Looks great, quite rural where I live so never actually seem on clean  looks very nice but wrong somehow... should be covered in mud and dents...


----------



## Jesse74 (Jul 19, 2008)

Nice one Clark! Don't forget to bring clean boxers for the "vroom, vroom"!


----------



## nick3814 (Dec 31, 2010)

Excellent work, love the before and after of the exhaust, magic :thumb:


----------



## SteveTDCi (Feb 8, 2006)

gotta love those old defenders, nice work too.


----------



## MattJ VXR (Aug 11, 2008)

Looks fantastic. I wouldn't take it off-roading after that!


----------



## scooby73 (Mar 20, 2007)

Great job!:thumb:


----------



## kenny-c (Oct 5, 2009)

Clark @ PB said:


> Exhaust polished with Brilliant metal polishes:
> 
> Before:
> 
> ...


Any further details of how you got such as good result on the exhaust :buffer:


----------



## Clark @ PB (Mar 1, 2006)

kenny-c said:


> Any further details of how you got such as good result on the exhaust :buffer:


Autosmart Tardis first to remove all the tar spots, then Brilliant Aluminium and Stainless Steel metal polish was used to shine it up - simple as that


----------



## 3976 (Nov 20, 2006)

The remark "should be driven, not detailed" should apply here... but doesn't take away from the superb results.

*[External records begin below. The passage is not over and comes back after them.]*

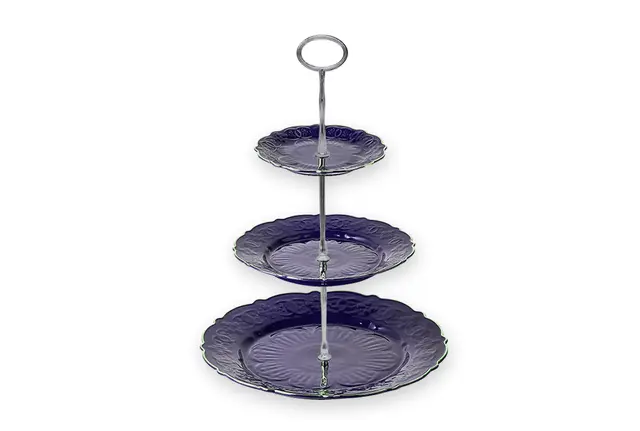 Stangsett til kakefat 376 mm - Mekanisme Forkrommet, 3 etasjer 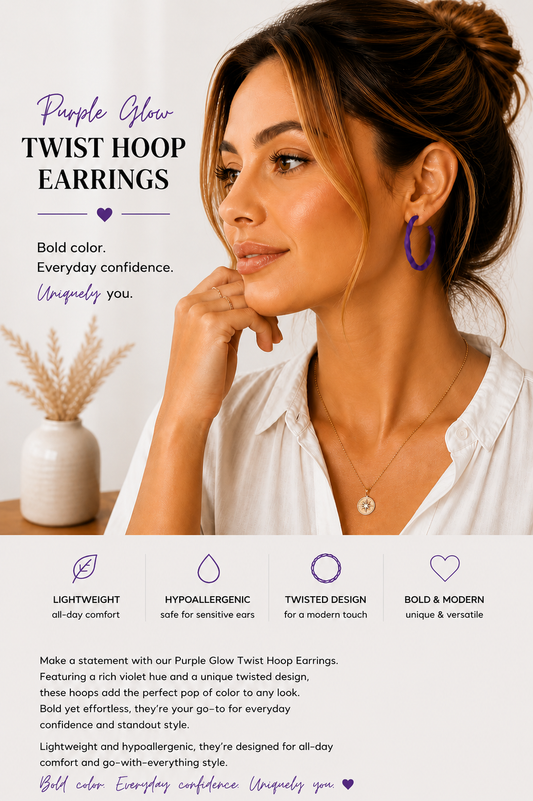 Purple Glow Twist Hoop Earrings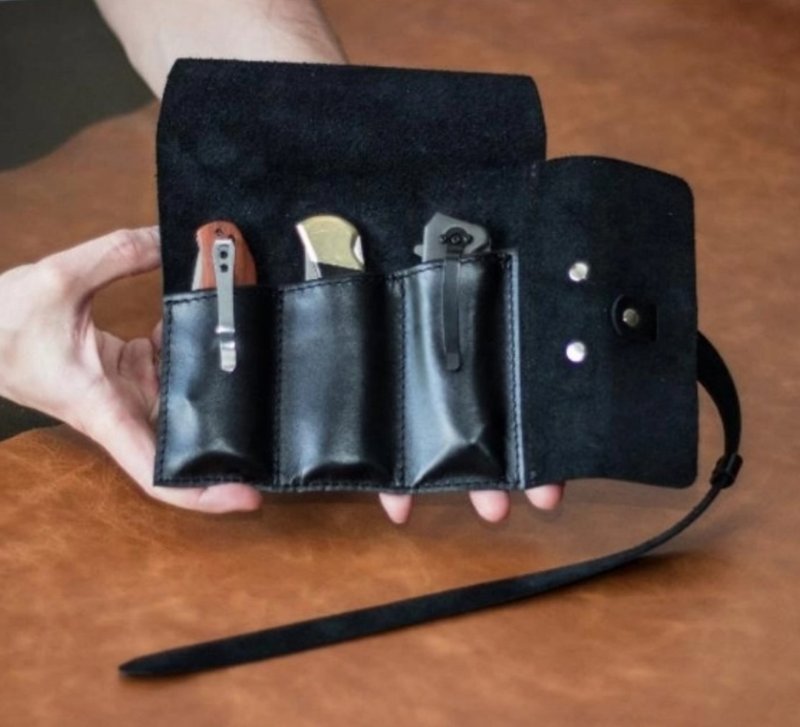 Leather pocket knife roll, pocket knife holder, Pocket knife pouch, Pocket knife - มีด - หนังแท้ หลากหลายสี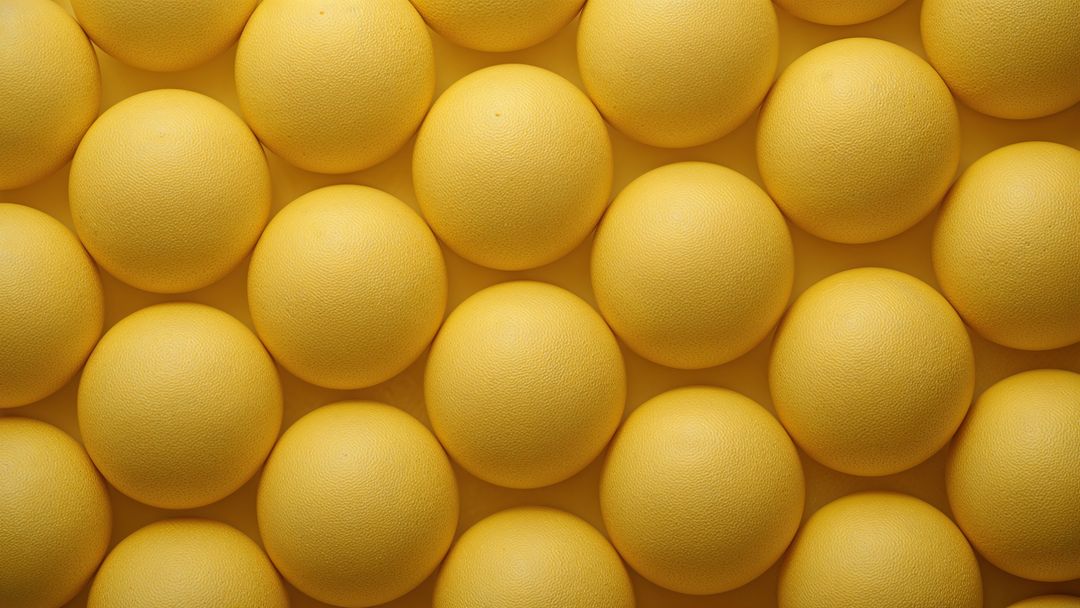 Tightly Packed Yellow Textured Spheres Creating Minimalist Pattern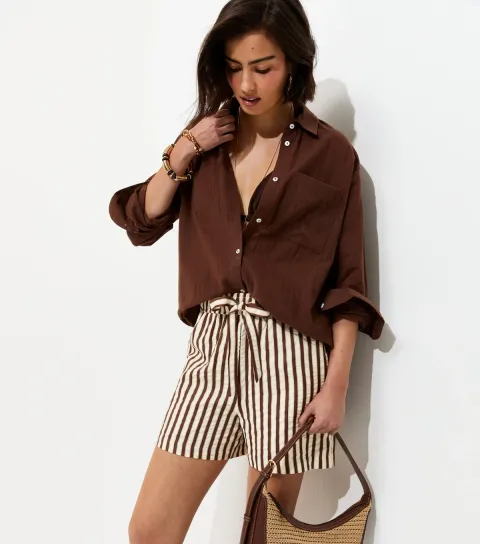 New Look Women's Brown Striped Seersucker Shorts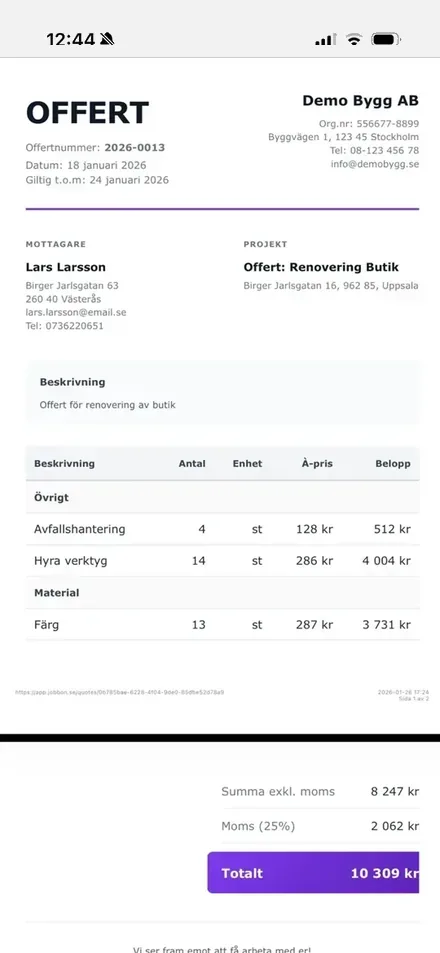 Offertverktyg för bygg – offert med rader för tid och material i JobbOn-appen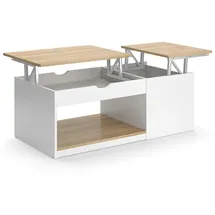 Vicco Couchtisch Avela, Weiß/sonoma, 55 x 110 cm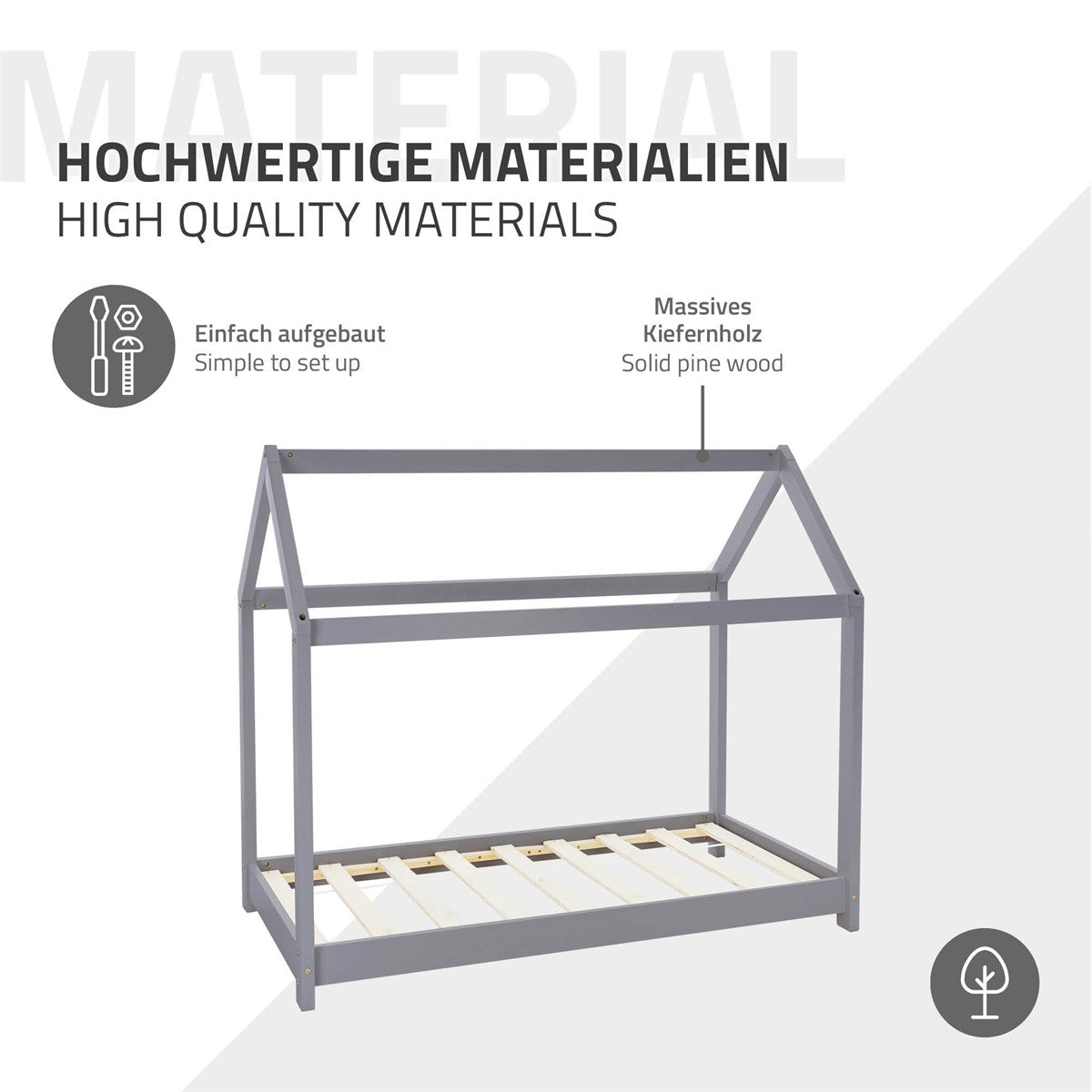 Holzgestell in Hausform, beschriftet mit Materialinformationen.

The Client clearly has taste in cars as well. Gorgeous colour of Lander!


----------



## Clark @ PB (Mar 1, 2006)

After seeing it on Friday again I can assure you it is now covered in mud from head to toe (or roof to wheels?) and looking how it should  :lol:


----------



## 20vKarlos (Aug 8, 2009)

I want a Defender Now lol... that has come up really well!! 

Great work again PB


----------



## Glider (Jan 10, 2006)

Think I'd rather have one of these than a supercar, am I mad, great work PB team


----------



## K.M (Dec 19, 2013)

An old threat I know but just out of curiosity, what did you use on the front bumper bar?


----------



## MR.Q (Apr 19, 2010)

WOW!!!! what a superb finish lads :doublesho

I have a 1997 disco and cant seem to remove the hazing and scratched from mine. I think the clear coat may have gone as the hazing is terrible. I have used a DA on it (megs 105 and then 205 followed by glaze and then AF Soul as LSP) but not even a week later it was hazing worse than before. I have been advised that I need to use a good cleaner wax and then normal wax as this is all the water based paint needs. Any helpful tips or ideas????

Much appreciated in advance


----------